令和8年度都道府県医師会地域医療構想策定等ガイドライン説明会

 令和8年度都道府県医師会地域医療構想策定等ガイドライン説明会が6月12日にWEB形式で開催され、近く取りまとめられる地域医療構想策定ガイドライン(GL)について、現時点での骨子等を共有するとともに、各都道府県医師会との質疑応答等を行った。

 GLの公表後は各都道府県ごとの新たな地域医療構想策定に向け、より具体的なフェーズに移行し、各都道府県の協議の場において、構想区域の設定、各区域における課題の把握、課題への対応案の検討、そのための取り組みの決定と推進といった協議が行われることを踏まえ、GLの概要を共有すると同時に、質疑応答や意見交換を行うことで相互理解を深め、今後の各都道府県及び構想区域における検討・協議に万全を期すことを目的として、本説明会は開催された。

 説明会は坂本泰三常任理事の司会で開会。冒頭、あいさつした松本吉郎会長は、GLの最終的な取りまとめ前での開催となったことに触れ、「本日の機会は決して無駄になるものでなく、むしろ今後の議論をより実効的なものとするための重要なプロセスと位置付けている」と強調した。

 さらに、GLの策定後は、実務的で踏み込んだ協議が求められる点にも言及。「こうした局面において、各都道府県医師会と行政との連携を円滑に進めていくためにも、現段階での率直な質問や意見をいただくことが極めて重要」との考えを示し、現場の実情を踏まえた忌憚のない声を寄せていただくよう求めた。

 続いて、西嶋康浩厚生労働省医政局地域医療計画課長が、近く取りまとめられるGLの現時点での骨子等を説明した。

 GLではまず、新たな地域医療構想の考え方として、各医療機関機能に期待される役割等を示すとともに、都道府県が構想を策定するに当たっての議論の進め方の他、構想の進捗や医療提供体制の状況を定期的に把握し、必要に応じて見直しを行うといった観点に触れる見通しとした。

 GLは主として都道府県の医療担当部局のためのものと想定しているが、その中身については、医務主管部局に限らない内容となっているとし、他部局や都道府県内の各市区町村としっかりと連携する重要性を指摘。
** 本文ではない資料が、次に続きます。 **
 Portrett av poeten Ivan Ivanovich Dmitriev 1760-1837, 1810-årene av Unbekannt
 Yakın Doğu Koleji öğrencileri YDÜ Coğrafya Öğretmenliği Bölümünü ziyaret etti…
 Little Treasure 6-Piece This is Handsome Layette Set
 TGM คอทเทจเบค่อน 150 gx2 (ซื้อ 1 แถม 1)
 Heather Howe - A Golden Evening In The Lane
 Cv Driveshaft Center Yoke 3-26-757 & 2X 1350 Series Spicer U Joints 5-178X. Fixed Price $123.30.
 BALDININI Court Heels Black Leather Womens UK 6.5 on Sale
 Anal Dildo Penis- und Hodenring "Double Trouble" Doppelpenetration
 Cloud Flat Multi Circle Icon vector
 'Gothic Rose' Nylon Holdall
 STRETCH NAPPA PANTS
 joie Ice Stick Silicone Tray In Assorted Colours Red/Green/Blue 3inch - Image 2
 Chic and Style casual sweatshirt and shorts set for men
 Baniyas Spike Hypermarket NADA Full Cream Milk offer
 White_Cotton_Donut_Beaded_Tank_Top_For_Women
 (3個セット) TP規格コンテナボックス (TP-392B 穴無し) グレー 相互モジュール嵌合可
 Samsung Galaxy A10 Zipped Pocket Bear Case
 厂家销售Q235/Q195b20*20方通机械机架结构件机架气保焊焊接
また、GL発出の際には、都道府県の医療担当部局だけでなく、介護担当部局等にも周知していく考えを示した。

 GLにおける医療機関機能報告の考え方も取り上げ、(1)各医療機関が現在担っている医療機関機能、(2)2040年時点で担う予定の医療機関機能、(3)医療機関機能の確保等の協議に必要な診療の実績―等を都道府県に対して報告する方向性であるとした。

 また、医療機関機能報告と入院料の対応関係について、「病床機能報告と同様に、必ずしも『1対1対応』ではなく、その前提は変わらない点もGLに示したい」と述べた。

 病床機能報告においては、従来の「回復期機能」について、「包括期機能」として位置付けの見直しを行ったことに触れ、「単に名称を変えた訳ではなく、見直しの意味合いを含めてGLに示し、行政を含めて広く周知していきたい」と説明した。

 構想区域の基本的な考え方について、人口規模や流出入患者割合等を踏まえ、適切な区域の設定をする必要があると指摘するとともに、1)大都市型2)地方都市型3)人口の少ない地域―といった地域類型ごとに特性があるとした。

 1)では「例えば、大学病院の本院が複数ある地域もあることなどから、県全体の効率性を踏まえて構想区域を考える必要がある」と説明。

 3)では「県境地域であるところもあるため、隣接する都道府県間の県境における連携も含め、その間での患者の流出入等も念頭に適切な区域の設定をお願いしたい」と述べた。

 課題がある構想区域については、現在の区域の維持に拘らず、隣接区域との統合、再編等の対応が選択肢としてあり得ることに触れた。

 隣接する都道府県との連携については、「合同で調整会議を開催することに限らず、個々の医療機関ベースや、個々の行政ベースでの協議もあり得るのではないか」とした。

 入院医療の基本的な考え方についても、地域類型ごとの特性を取り上げ、1)は「特に区域全体や区域内での医療資源の偏在などの問題等も踏まえるべき」とした。

 2)は「これまで症例を確保できていた医療機関も確保できなくなる」「看護師等を含めて人材確保が難しくなる」といった観点から、連携・再編・集約化が検討され得るとの見方を示した。

 3)は「限られた医療資源の中で、今後、診療所も含めて医療機関の数が減ることが予想されるため、患者の入院医療をどう保障していくかといった観点からも議論してほしい」と説明した。

 入院医療における医療機関機能としては「急性期拠点機能」「高齢者救急・地域急性期機能」「在宅医療等連携機能」「専門職等機能」を挙げ、医療機関が手挙げで報告するとした他、それらの一部については地域の実情に応じて「複数選択も可」であるとの方向性が示された。

 また、急性期拠点機能を担う医療機関については、人口20万~30万人程度につき1カ所を目安に確保していくとし、「その数を構想区域内で決めた上で、どこが急性期拠点になるかについては、今後の連携・再編・集約化も念頭に置きながら審議した上で、急性期拠点に限らず、地域の中で各医療機関がどういう役割を果たすかについても協議してほしい」と述べた。

 さらに、高齢者救急に関しては「単純に年齢や疾患で区切ることは困難だ」とし、実際の患者像や治療内容等を見ながら、高齢者救急の拠点となる医療機関が受け入れられる患者像を各地域で決めることが現実的との見方を示した。

 続いて、外来医療では、「休日・夜間も含めた持続可能な外来医療提供体制の構築」の重要性に触れた上で、「各区域で同一の協議をする必要はなく、地域での社会資源や各医療機関の役割等を踏まえながら、必要な体制を考えてほしい」と促した。

 在宅医療では、「慢性期の医療提供体制の一体的な確保」といった視点を取り上げ、「在宅であっても慢性期の入院医療や介護の提供体制を見ながら、検討してもらう必要がある」とした。

 介護との連携では、「医療と介護の相互理解に基づく切れ目のない退院・療養支援体制の構築」の観点から、「入院患者の退院先について、医療機関と介護保険施設の関係者間で認識を共有することが大事だ」と指摘した。

 人材確保を巡っては、大学病院本院からの人的協力を得るためにも、都道府県と大学病院本院との連携が求められるとし、「医師の確保については医療機関機能の確保に関する議論と一体的に検討していくべきだ」とした。

 その後は今村英仁常任理事の進行の下、質疑応答や意見交換を実施。「介護との連携」「高齢者救急」「人材確保」「患者のアクセス確保」「オンライン診療」などについて、GL上での考え方に関する質問や意見が出され、西嶋課長が回答した。

 最後に総括を行った角田徹副会長は「本日共有された課題意識や経験を生かしながら、各地域に応じて、丁寧かつ建設的な協議を進めていただくことを期待している」などと述べた上で、日本医師会としても今後の円滑な議論と情報共有に努めるとともに、必要な支援を行っていく姿勢を強調した。